All this meant that a large carronade could be handled by many fewer men. For example, four or five men could handle a 42-pounder carronade, while fourteen were needed for a 42-pounder long gun, and it is said of HMS Surprise's 32-pounder carronades, generally stowed in the hold as ballast but ocassionally replacing the 12-pounder cannon, that "only a couple of hands were required to work them as opposed to the great gun's team of six or eight."[1] Thus, a relatively small vessel could carry 24- or 32-pounder carronades without overstraining either her timbers or her crew. In fact, increasing the broadside-weight of small vessels was probably the most common use of carronades, though they were also used on the upper decks of a ship of the line, where they would give extra weight of firepower without making the ship top-heavy. E.g., the Victory carried two 68-pounders (the largest size) at Trafalgar.
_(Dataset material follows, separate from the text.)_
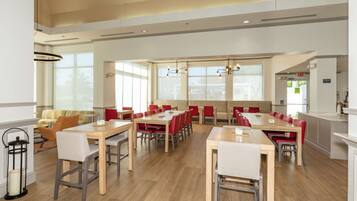 A spacious dining area with multiple tables and chairs, large windows, and a modern chandelier.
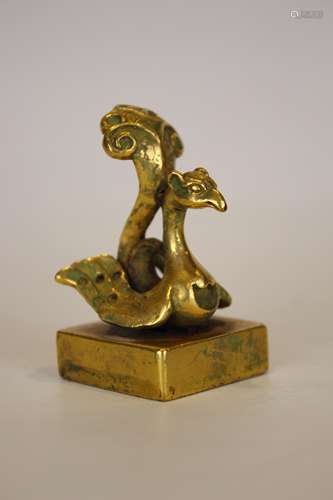 A GILT BRONZE BEAST SEAL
Carronades were not free from drawbacks: the short barrel, projecting only a little way beyond the gun-port when run out, created some risk of setting the vessel's own rigging on fire, and (more seriously) it considerably reduced the effective range of the gun from the typical maximum range of 1.5 miles (perhaps 750 yards with high accuracy) for a long gun to a maximum accuracy of 250 yards for a carronade. Nonetheless, these guns (distrusted at first, partly because of initial faults in the casting process and partly through the innate traditionalism of the Navy) came to be very popular in the fleets of all nations. Napoleon, who as a former artillery specialist may be considered a good judge of this aspect of naval practice if not of any other, had a particular liking for carronades and constantly urged his Minister of Marine to issue more of them.

Shot weight and type

Carronades sometimes served as the principal armament of small vessels and were widely used to supplement the long gun batteries of larger vessels. Their lighter weight permitted a greater weight of broadside, with a smaller crew to handle them and fire them more rapidly. Their primary disadvantage was their somewhat shorter range and reduced accuracy. Typical specifications of carronades used in the Royal Navy were:

 Shot Wt.(lbs)	Length	   Weight (lbs)	Range at 5 degrees elevation (yds)
    12	         2’ 2”	      654	             870
    18	         3’ 3”	     1068	            1000
    24	         3’ 7.5”     1456	            1050
    32	         4’ 0.5”     1918	            1087
    42	         4’ 3.5”     2492	            1170
    68	         5’ 2”	     4032	            1280

Round shot in carronades were typically of a tighter fit (less “windage”) than in long guns, making a more efficient use of the powder charge; standard charges even for large carronades were typically only of a few pounds.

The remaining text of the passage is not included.